Roger Angell’s Best Books – The New York Times
A look back at some of The New Yorker writer and editor’s most beloved books.
Roger Angell, who died at 101 on May 20, 2022, was best known for his books about baseball — most of them essay collections, as clean and sharp as a perfectly batted line drive. But he also wrote humorous articles, parodies and autobiographical pieces, many of which were collected elsewhere. If you want to read some of his work, any of these books would be a fine place to start.
The Summer Game (1972)
“Finely observed and finely written reportage on Major League Baseball during the past decade,” The Times said in its review. “Page for page, ‘The Summer Game’ contains not only the classiest but also the most resourceful baseball writing I have read.”
Season Ticket (1988)
As The Times’s review of these baseball essays — which were published in The New Yorker between 1983 and 1987 — notes, “One does not ordinarily encounter such poetry in discussions of home runs and knuckleballs.”
Once More Around the Park (1991)
“Mr. Angell makes baseball sound like an art form,” The Times said. “He demonstrates that writing about it is an art form, too.”
A Pitcher’s Story: Innings With David Cone (2001)

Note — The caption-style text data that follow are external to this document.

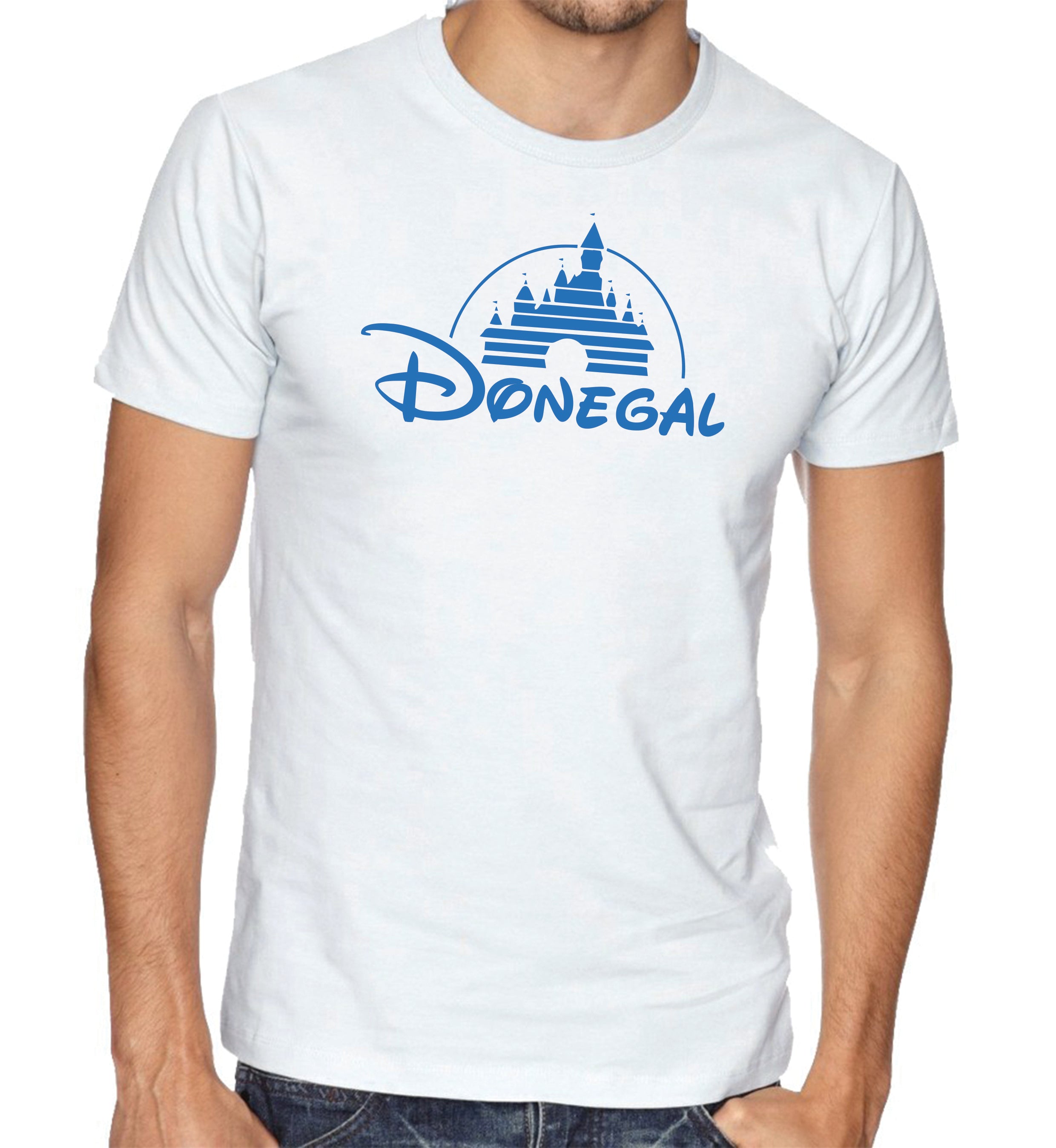 Donegal T-shirt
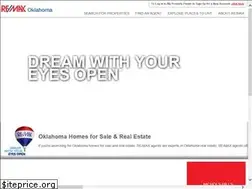 Sites similar to remax-oklahoma.com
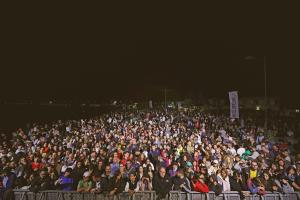 Francesca Michielin star di Alba Locomotive: 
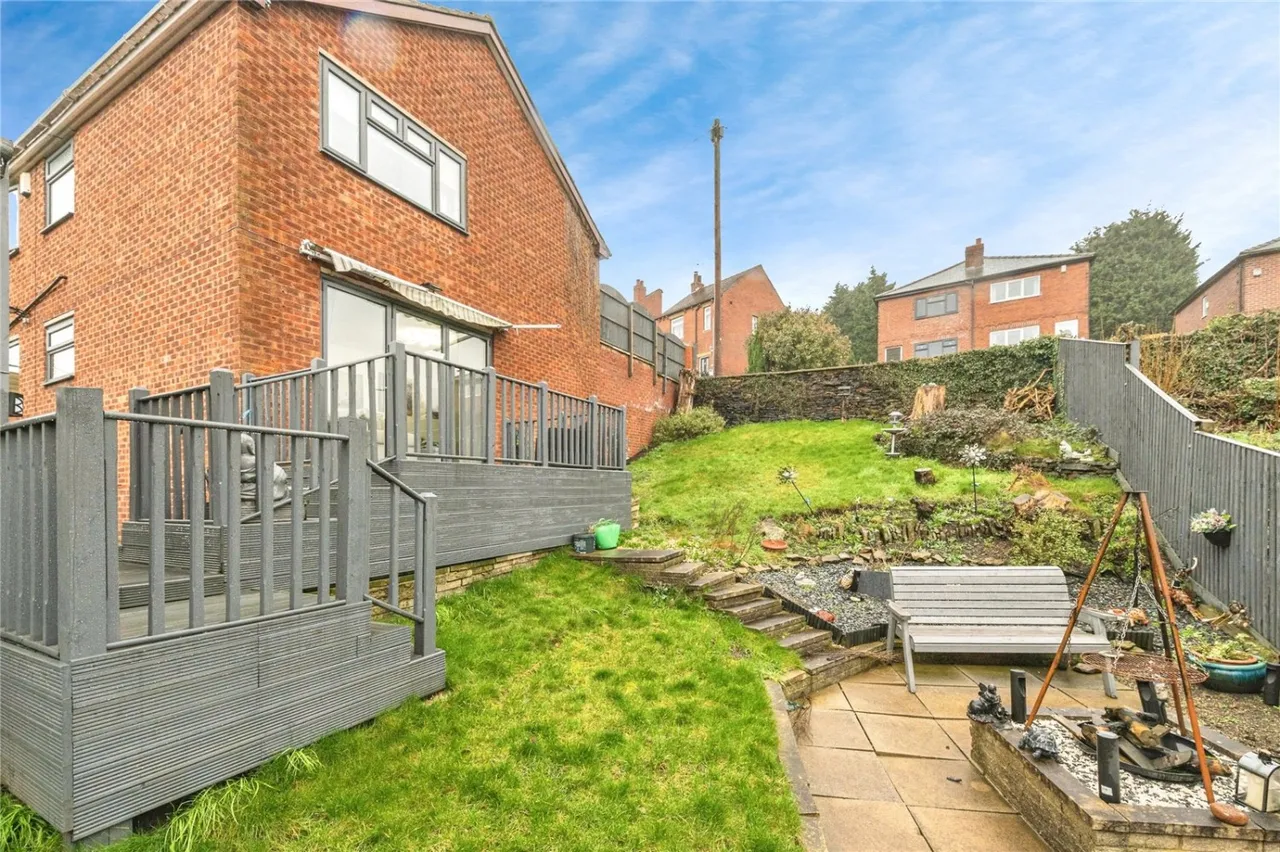 Bridle Street, Soothill, WF17, photo 27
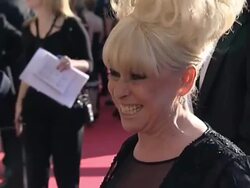 TV BAFTA Awards Stock Footage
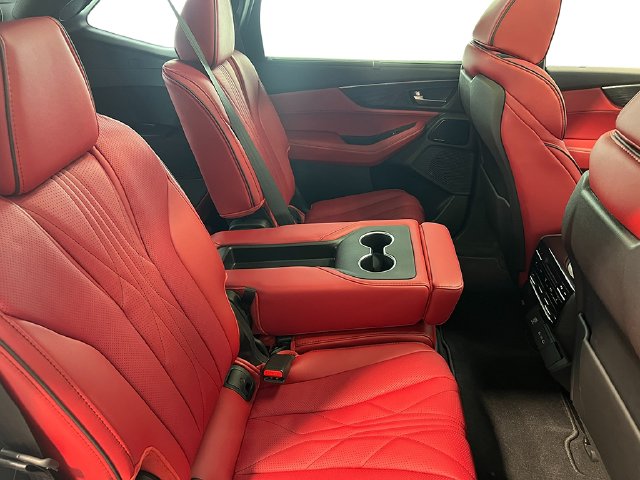 New 2026 Acura MDX SUV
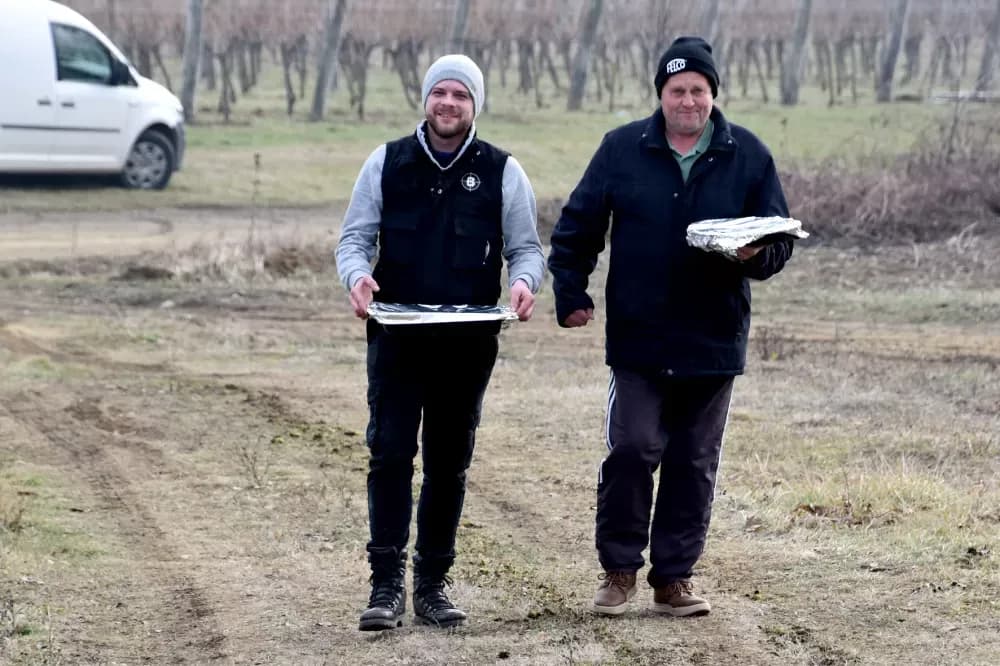 OBITELJSKA TRADICIJA: Vincelovo kod Čakalića u Češljakovcima
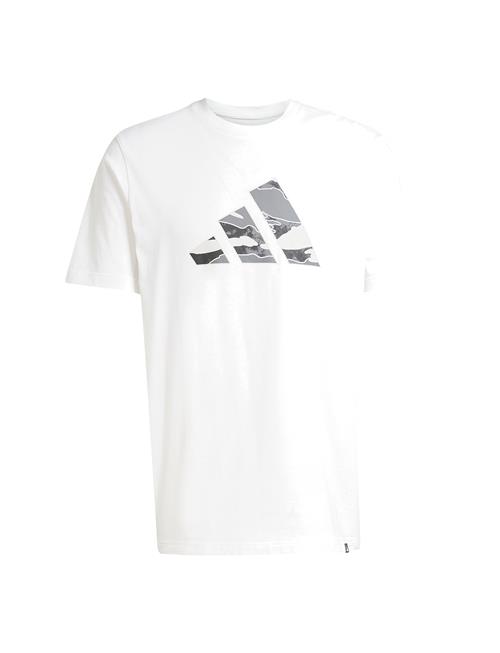 adidas Sportswear | M Camo Logo T | L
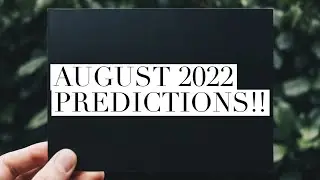 LEO ♌️ AUGUST 2022 PREDICTIONS!! LOOKS BEAUTIFUL FOR YOU!! HAD ME IN TEARS GETTIN CHILLS!!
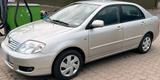 Toyota corolla - Toyota Corolla Gebrauchtwagen in Frankfurt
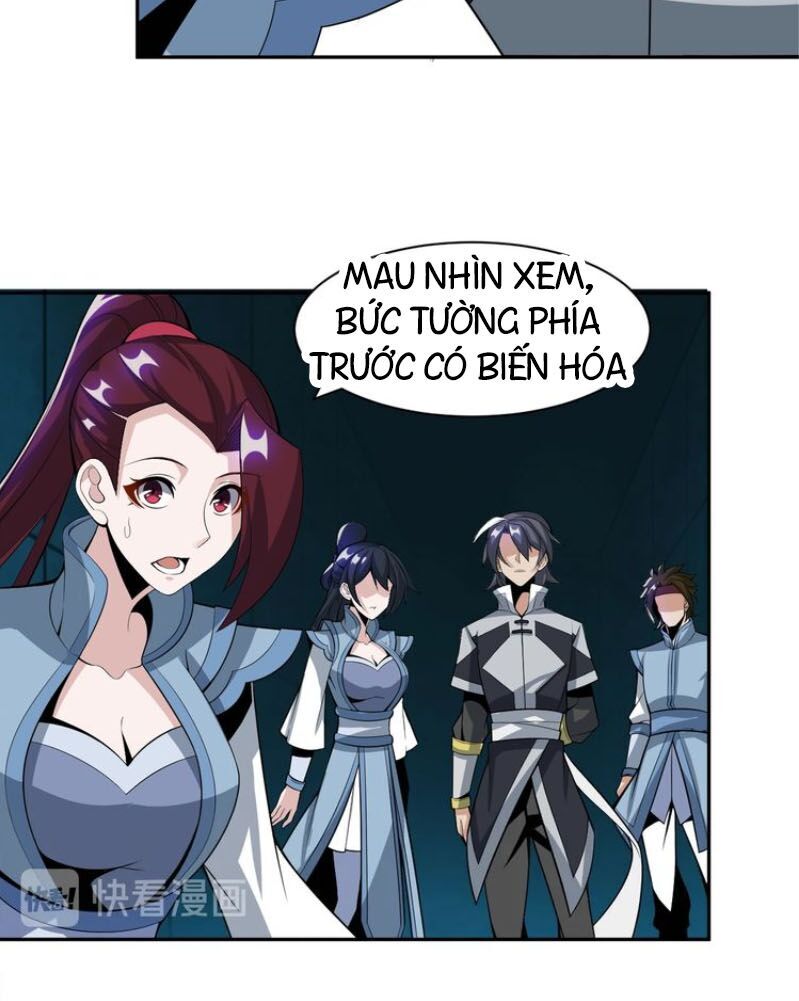 Thôn Phệ Một Thế Giới Tu Tiên Chapter 29 - 32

“Roger Angell surely had no intentions of writing an essay on defeat, humiliation or grace when he arranged to follow David Cone across the many innings of the 2000 baseball season,” Pete Hamill wrote in The Times’s review.
Let Me Finish (2006)
“The 17 autobiographical chapters of ‘Let Me Finish’ reflect the welcoming sheen of The New Yorker, in whose pages most of them appeared during the past decade or so. It is the perfect book to read with one of Angell’s vodka martinis,” The Times said.